## Raw data
+-------+

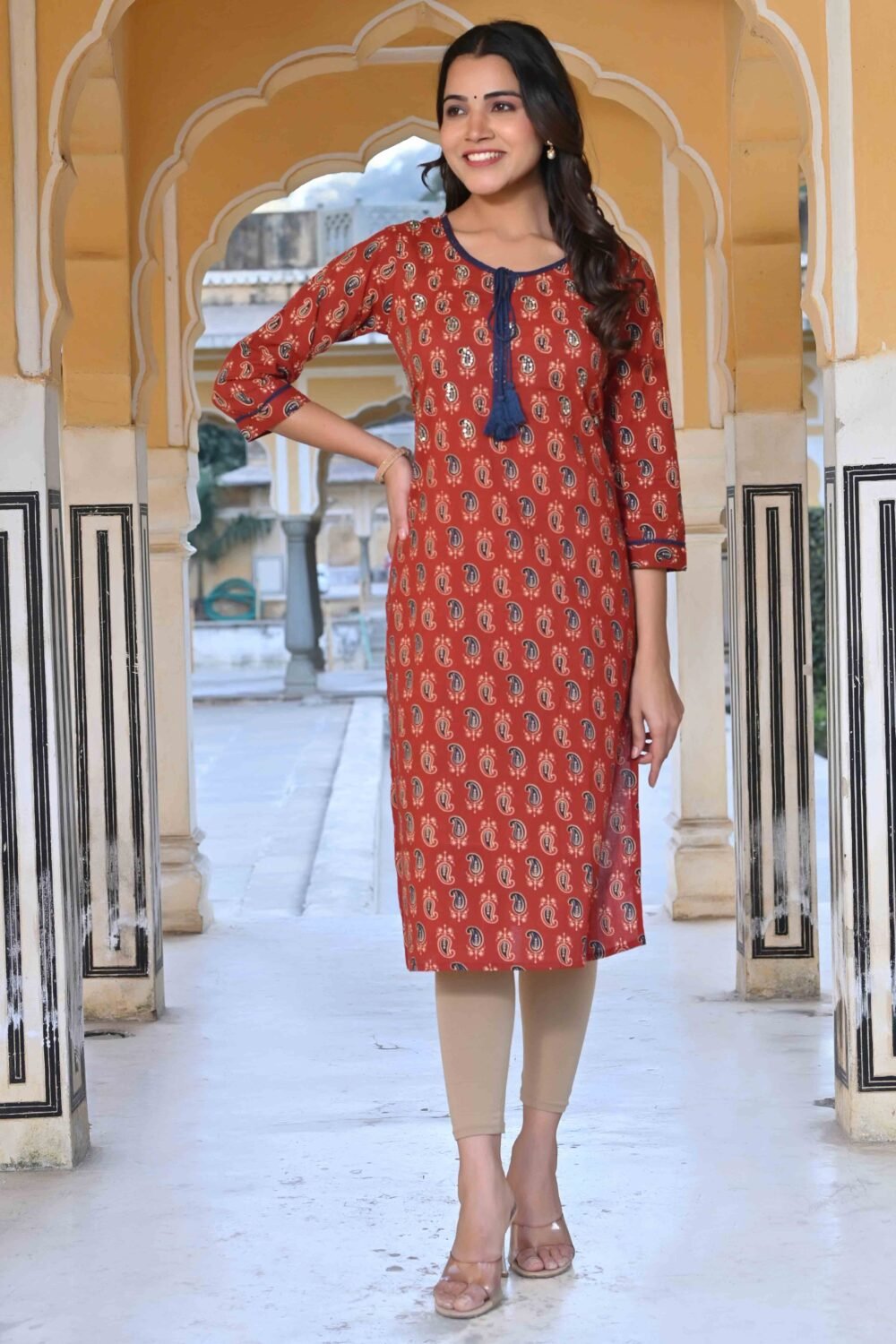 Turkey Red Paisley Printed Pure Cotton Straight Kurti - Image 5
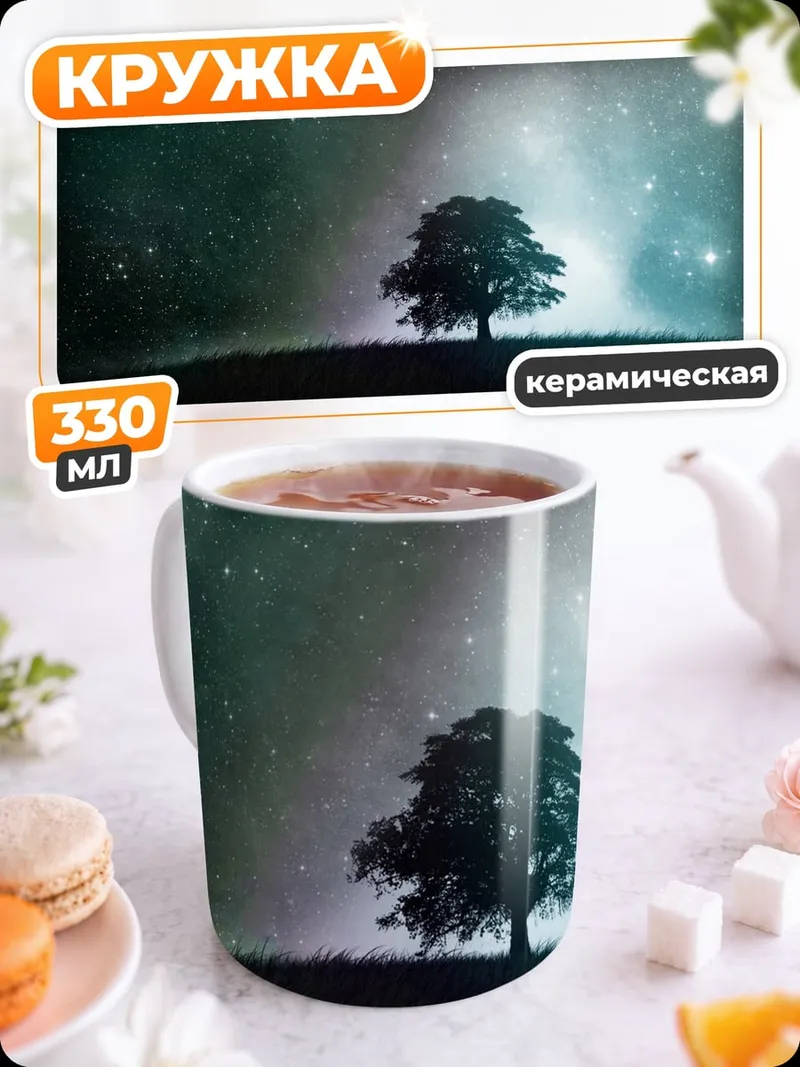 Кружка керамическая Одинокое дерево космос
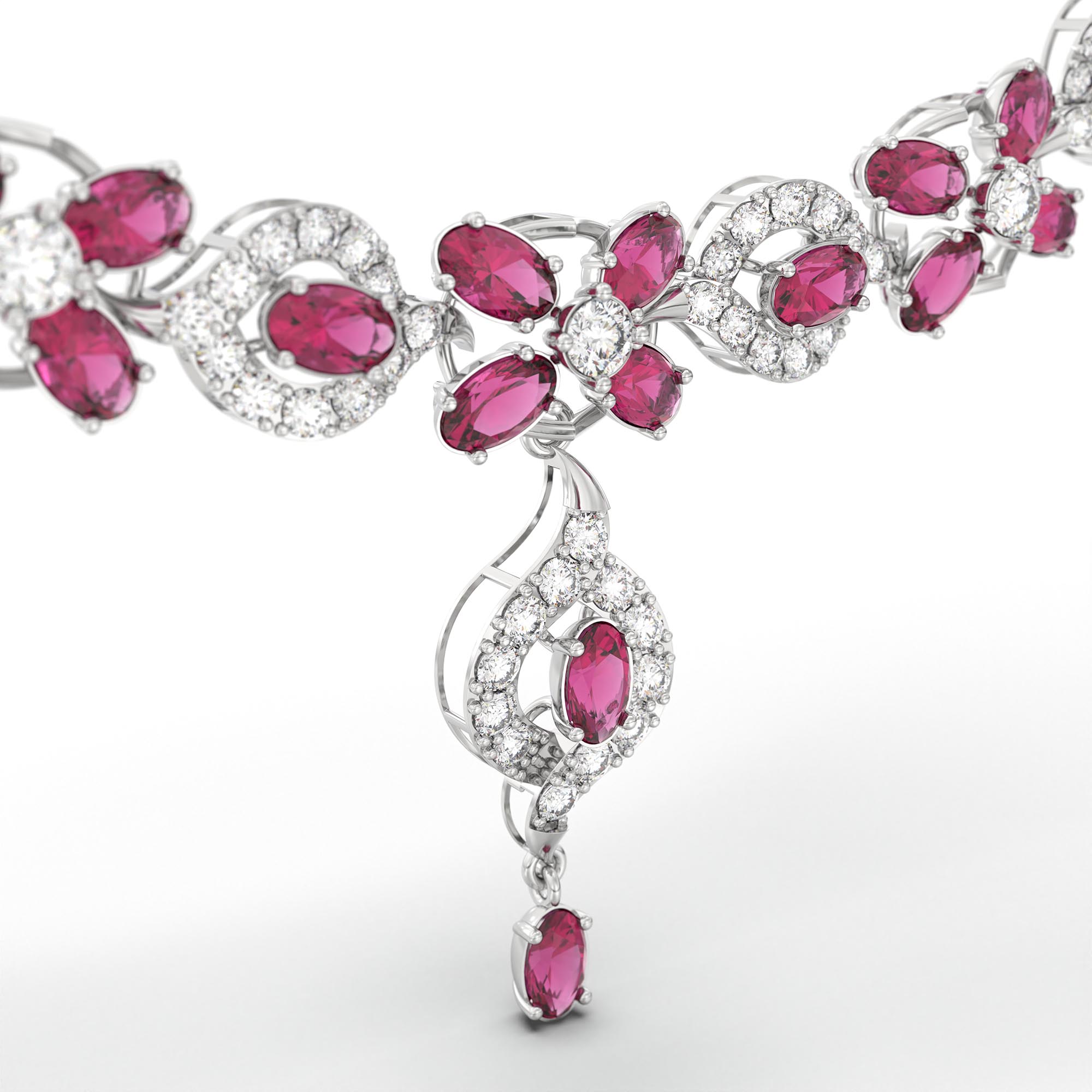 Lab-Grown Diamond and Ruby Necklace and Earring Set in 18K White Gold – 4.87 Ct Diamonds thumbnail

+-------+

## What is needed
Leave out the images and repeat the rest of the data word for word.

## The answer
 Turkey Red Paisley Printed Pure Cotton Straight Kurti - Image 5
 Кружка керамическая Одинокое дерево космос
 Lab-Grown Diamond and Ruby Necklace and Earring Set in 18K White Gold – 4.87 Ct Diamonds thumbnail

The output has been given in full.